Once the line with "1969 Uniflite Whale in fort myers FL" is found, return it along with every line after it, exactly, through the end of the material.

========================

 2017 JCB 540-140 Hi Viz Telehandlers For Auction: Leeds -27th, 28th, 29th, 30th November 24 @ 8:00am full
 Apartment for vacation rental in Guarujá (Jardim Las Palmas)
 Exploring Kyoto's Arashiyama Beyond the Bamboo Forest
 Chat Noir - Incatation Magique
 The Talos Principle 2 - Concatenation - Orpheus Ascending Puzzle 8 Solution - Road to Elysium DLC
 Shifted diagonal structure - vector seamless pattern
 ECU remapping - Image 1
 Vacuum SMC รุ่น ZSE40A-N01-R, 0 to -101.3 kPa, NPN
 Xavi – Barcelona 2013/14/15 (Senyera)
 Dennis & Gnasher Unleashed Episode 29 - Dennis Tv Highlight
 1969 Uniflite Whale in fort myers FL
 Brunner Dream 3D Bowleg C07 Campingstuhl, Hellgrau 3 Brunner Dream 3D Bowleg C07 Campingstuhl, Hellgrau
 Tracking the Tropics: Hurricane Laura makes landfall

========================

*RESULT FOR THIS EXERCISE:*
 1969 Uniflite Whale in fort myers FL
 Brunner Dream 3D Bowleg C07 Campingstuhl, Hellgrau 3 Brunner Dream 3D Bowleg C07 Campingstuhl, Hellgrau
 Tracking the Tropics: Hurricane Laura makes landfall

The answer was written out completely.